第18話
「……勝手に見ないで。バカ。遅すぎるのよ」
掠れた、震える声だった。
ベッドの上に座り込んでいた玲奈は、大粒の涙をボロボロと零しながら、俺を睨みつけていた。
普段の隙のない洗練された姿からは想像もつかない、ダボダボの部屋着姿。銀色の髪は乱れ、目は泣き腫らして真っ赤になっている。
俺は、雷に打たれたように立ち尽くしていた。
「玲奈……お前、あの時の泣き虫だったのか。どうして今まで言ってくれなかったんだ」
「言えるわけないじゃない! 私がせっかく同じ高校に入って、あんたの前に立ったのに! あんた、私の顔を見ても一ミリも思い出さずに、ただの『口の悪い女』みたいな目で見てきたくせに!」
ミジンコ呼ばわりしてきたのはお前の方だろう、というツッコミすら喉の奥に消えてしまうほど、彼女の涙は切実だった。

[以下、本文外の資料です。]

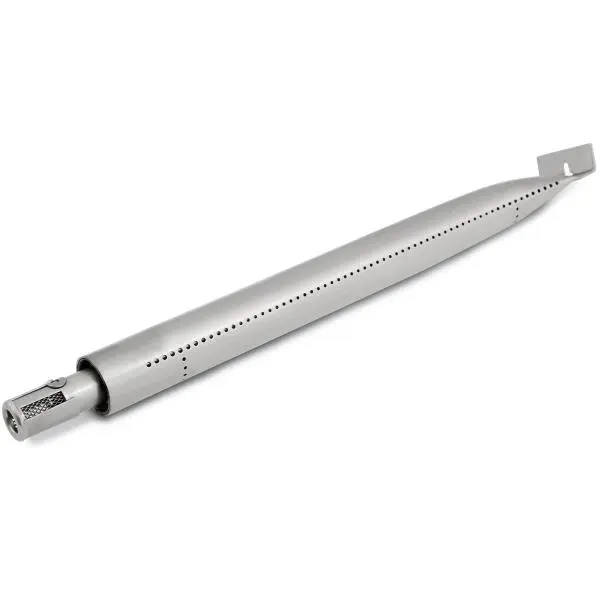 Brenner 41 cm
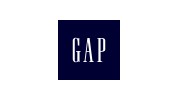 Gap Incorporated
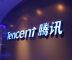 Tencent Over Exaggerates Impact of Play-Time Limitation
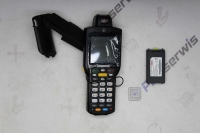 MOBILE TERMINAL MC3190-RL2S24E0A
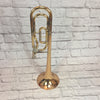 ** Yamaha Allegro YSL548G Trombone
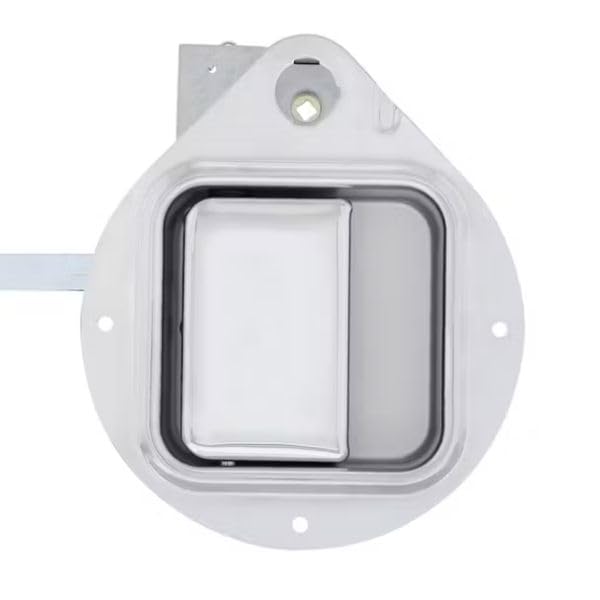 Amazon.com: Sourcefy 29-03610R 29-03610L Exterior Sleeper Door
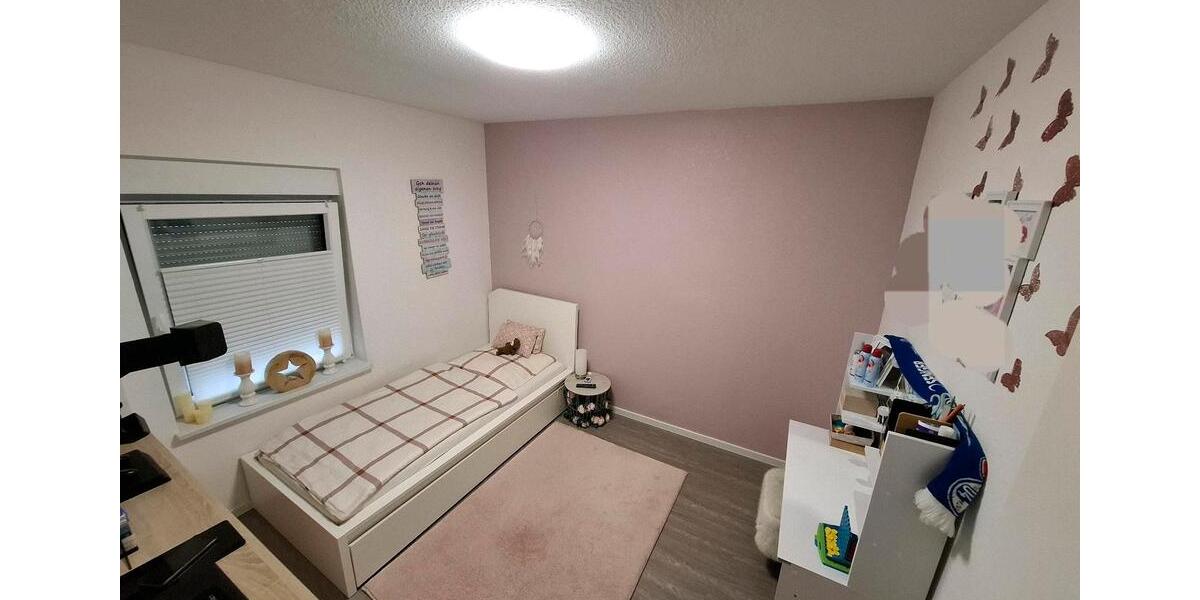 Doppelhaushälfte Nordhorn Bookholt - 4 Zimmer, 89 m&sup2;, 260.000&euro; | Angebot:26877920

玲奈はベッドからふらふらと立ち上がると、机の上に置かれていたあの古ぼけた変身ベルトを、引ったくるように手に取った。
そして、あろうことか。
彼女は泣きじゃくりながら、そのプラスチックの不格好なベルトを、自分の細い腰にガチャリと巻きつけたのだ。
「……れ、玲奈?」
「あんたが言ったのよ! これをつければ無敵だって! どこに行っても、お前が泣いてたら絶対に見つけて守ってやるって!!」
ティーン誌の表紙を飾る、学園の氷の女王にしてカリスマモデルが。
涙で顔をぐしゃぐしゃにしながら、昔の特撮ヒーローの変身ポーズを、手足の先まで完璧なキレで決めている。
「……っ!」
なんだこれ。
面白すぎる。ポンコツすぎる。
そして――狂おしいほどに、愛おしすぎる。
悲劇のヒロインになりきれず、初恋の男の前でプラスチックのベルトを巻いて大号泣する美少女。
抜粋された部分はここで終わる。